Keywords

1 Introduction

With the growing application of knowledge graphs in diverse domains, the scale of knowledge graphs (KGs) is dramatically increasing. As the two dominant data models for KGs, RDF (Resource Description Framework) [1] graph and property graph are utilized by most graph databases. For one thing, RDF, which has become a recommended standard for the representation of knowledge graphs by the World Wide Web Consortium (W3C), is widely adopted by databases represented by gStore [2] and Virtuoso [3]. For another, property graphs have been widely used as the data model by graph databases such as JanusGraph [4] and HugeGraph [5].

In recent years, there has been a consensus to unify the data model in the management of knowledge graphs, as different data models will lead to many differences in storage schemes and the databases built on them. Apart from the fact that different data models can cause problems for database users, existing storage schemes also have problems such as excessive storage overhead and null values. Therefore, we propose a unified storage scheme for RDF graphs and property graphs, which can accommodate both of them. The contributions of this paper can be summarized as follows:

  1. (1)

    In order to store RDF graphs and property graphs, a unified storage scheme is proposed, i.e., UniS, which considers the characteristics of the two data model comprehensively. With UniS, the entities and edges are clustered and stored in separate tables according to their types, managing data in a unified way.

  2. (2)

    To manage multiple KGs in one database, we have designed a detailed conversion process for different storage forms of data, which is convenient for further operation of data on this basis and meeting the storage and query load requirements of KGs.

  3. (3)

    Extensive experiments are carried out to verify the effectiveness and efficiency of UniS. The experimental results show that UniS outperforms the state-of-the-art methods in terms of storage overhead and query overhead.

2 Related Work

In this section, we discuss the related works, including storage schemes and graph databases.

2.1 Storage Schemes

Most of the current storage solutions for RDF and property graphs are relationship-based.

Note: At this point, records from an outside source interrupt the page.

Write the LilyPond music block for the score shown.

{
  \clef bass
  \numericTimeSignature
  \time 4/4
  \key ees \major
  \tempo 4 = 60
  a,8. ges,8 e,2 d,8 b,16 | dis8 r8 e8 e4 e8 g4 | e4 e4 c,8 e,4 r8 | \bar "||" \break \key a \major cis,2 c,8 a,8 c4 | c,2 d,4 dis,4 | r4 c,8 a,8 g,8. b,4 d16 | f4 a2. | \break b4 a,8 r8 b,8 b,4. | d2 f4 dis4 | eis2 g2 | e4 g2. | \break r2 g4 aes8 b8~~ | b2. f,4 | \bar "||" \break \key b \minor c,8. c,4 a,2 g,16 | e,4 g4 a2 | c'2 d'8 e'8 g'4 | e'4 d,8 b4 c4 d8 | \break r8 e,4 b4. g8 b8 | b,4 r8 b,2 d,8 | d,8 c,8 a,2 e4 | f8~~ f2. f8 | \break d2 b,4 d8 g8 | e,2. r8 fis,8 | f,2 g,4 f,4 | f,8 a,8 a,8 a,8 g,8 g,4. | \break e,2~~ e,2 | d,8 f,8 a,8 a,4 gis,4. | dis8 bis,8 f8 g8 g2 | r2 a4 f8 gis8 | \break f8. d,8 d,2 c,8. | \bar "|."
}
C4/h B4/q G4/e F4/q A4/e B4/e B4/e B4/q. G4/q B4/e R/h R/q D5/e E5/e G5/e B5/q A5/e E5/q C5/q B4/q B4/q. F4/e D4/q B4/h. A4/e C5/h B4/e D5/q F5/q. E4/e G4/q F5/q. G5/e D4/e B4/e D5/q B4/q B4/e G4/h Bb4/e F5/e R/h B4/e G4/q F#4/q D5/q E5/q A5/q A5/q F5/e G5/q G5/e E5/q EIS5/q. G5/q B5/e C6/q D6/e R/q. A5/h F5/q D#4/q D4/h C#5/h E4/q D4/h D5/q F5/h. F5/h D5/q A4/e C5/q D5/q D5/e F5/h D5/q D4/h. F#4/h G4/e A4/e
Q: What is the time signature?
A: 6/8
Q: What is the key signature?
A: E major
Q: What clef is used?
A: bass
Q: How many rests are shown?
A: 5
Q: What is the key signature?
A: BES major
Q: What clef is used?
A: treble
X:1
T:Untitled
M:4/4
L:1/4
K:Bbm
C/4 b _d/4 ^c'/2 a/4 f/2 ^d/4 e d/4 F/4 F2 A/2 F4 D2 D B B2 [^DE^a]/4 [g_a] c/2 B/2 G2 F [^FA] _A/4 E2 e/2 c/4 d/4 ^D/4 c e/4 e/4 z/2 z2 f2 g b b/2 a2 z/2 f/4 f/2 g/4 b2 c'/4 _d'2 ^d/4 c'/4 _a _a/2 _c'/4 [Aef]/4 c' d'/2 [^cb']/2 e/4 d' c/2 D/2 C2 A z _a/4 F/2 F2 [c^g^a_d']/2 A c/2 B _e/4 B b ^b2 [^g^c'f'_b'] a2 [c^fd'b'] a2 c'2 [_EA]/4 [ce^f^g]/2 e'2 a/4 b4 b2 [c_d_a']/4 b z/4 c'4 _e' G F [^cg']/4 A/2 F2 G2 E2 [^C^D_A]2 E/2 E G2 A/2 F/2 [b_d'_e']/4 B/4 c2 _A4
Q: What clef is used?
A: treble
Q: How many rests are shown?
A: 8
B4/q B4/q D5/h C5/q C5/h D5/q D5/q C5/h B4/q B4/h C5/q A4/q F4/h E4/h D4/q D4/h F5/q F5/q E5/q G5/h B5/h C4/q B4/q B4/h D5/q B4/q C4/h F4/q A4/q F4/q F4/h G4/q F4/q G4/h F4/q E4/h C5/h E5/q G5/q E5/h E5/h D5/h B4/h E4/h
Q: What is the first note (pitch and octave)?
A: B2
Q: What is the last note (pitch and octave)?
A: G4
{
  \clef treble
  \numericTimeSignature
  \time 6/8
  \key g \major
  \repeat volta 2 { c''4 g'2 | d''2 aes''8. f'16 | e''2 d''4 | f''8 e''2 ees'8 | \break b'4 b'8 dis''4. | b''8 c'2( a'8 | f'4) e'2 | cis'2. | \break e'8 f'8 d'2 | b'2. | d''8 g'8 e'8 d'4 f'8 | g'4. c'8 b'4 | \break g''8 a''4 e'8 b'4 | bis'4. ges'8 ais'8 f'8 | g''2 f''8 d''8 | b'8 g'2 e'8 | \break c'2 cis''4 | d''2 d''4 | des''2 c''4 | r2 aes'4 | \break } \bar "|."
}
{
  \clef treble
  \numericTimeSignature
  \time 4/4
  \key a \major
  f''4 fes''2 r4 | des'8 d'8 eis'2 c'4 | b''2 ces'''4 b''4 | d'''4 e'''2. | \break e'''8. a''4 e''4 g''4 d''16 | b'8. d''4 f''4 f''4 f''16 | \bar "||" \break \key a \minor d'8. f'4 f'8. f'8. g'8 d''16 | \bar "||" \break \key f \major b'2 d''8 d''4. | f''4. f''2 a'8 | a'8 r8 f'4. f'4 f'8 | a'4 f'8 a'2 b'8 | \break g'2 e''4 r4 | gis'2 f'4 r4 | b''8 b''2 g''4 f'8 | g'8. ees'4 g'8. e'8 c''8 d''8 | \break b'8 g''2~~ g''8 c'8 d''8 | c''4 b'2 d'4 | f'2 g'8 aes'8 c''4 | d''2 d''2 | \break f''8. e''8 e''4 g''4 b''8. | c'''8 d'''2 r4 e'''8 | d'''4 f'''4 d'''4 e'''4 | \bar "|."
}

Triple table, adopted by 3store [6], stores data into tables with a 3-column structure, where each column corresponds to the subject, predicate, and object of a triple, respectively. Developed from triple table, horizontal table and property table are implemented in DLDB [7] and Jena [8], but they can lead to problems with excessive number of tables and null values. To reduce the join overhead of tables, the system represented by Hexastore [9] adopts sextuple indexing, but it will increase the amount of space required significantly. For the storage of property graph, storage schemes in the form of native graphs or key-value pairs are also utilized. Therefore, it is necessary to develop a unified and efficient storage scheme for RDF and property graphs.

2.2 Graph Database

gStore is an RDF graph database developed for storing triples of data, which utilizes the signature graph corresponding to RDF data and builds VS tree indexes to speed up SPARQL query processing. Moreover, supporting multiple data models including RDF data, Virtuoso is a hybrid database management system with built-in SPARQL and inference. On the other hand, designed for storing property graph, both JanusGraph and HugeGraph are also compatible with the query language Gremlin [10], but the Gremlin implementation cannot migrate directly from JanusGraph to HugeGraph due to the limitations of edge labels on HugeGraph.

3 Preliminaries

In this section, we introduce the definitions of relevant background knowledge.

Definition 1 (RDF Graph)

Let U and L be the disjoint infinite sets of URIs and literals. Then, a tuple t in the form of \(\langle s, p, o \rangle \in U \times U \times (U \cup L)\) is called an RDF triple, where s is the subject, p the predicate, and o the object. An RDF dataset T, which is a finite set of triple t, can be converted to an RDF Graph \(G = (V,E,\varSigma )\). The V, E, and \(\varSigma \) denote the set of vertices, edges, and edge labels in G, respectively. Formally, \(V=\{s \mid (s, p, o) \in T \}\cup \{o \mid (s, p, o) \in T \}\), \(E=\{(s, o) \mid (s, p, o) \in T \}\) and \(\varSigma = \{p \mid (s, p, o) \in T \}\).

Fig. 1.
figure 1

An RDF graph example

Example 1

An example RDF graph G is shown in Fig. 1, which is composed of resources, associated properties and the relationships between resources. The ellipses and rectangles are used to denote resources and literals, respectively, while directed edges connecting vertices, which corresponds to the triples in the RDF dataset, represent relationships between vertices. In particular, the edge label rdf:type is employed to specify the type to which the resource belongs. For instance, the triple (Professor0, rdf:type, FullProfessor) indicates that the type of Professor0 is FullProfessor.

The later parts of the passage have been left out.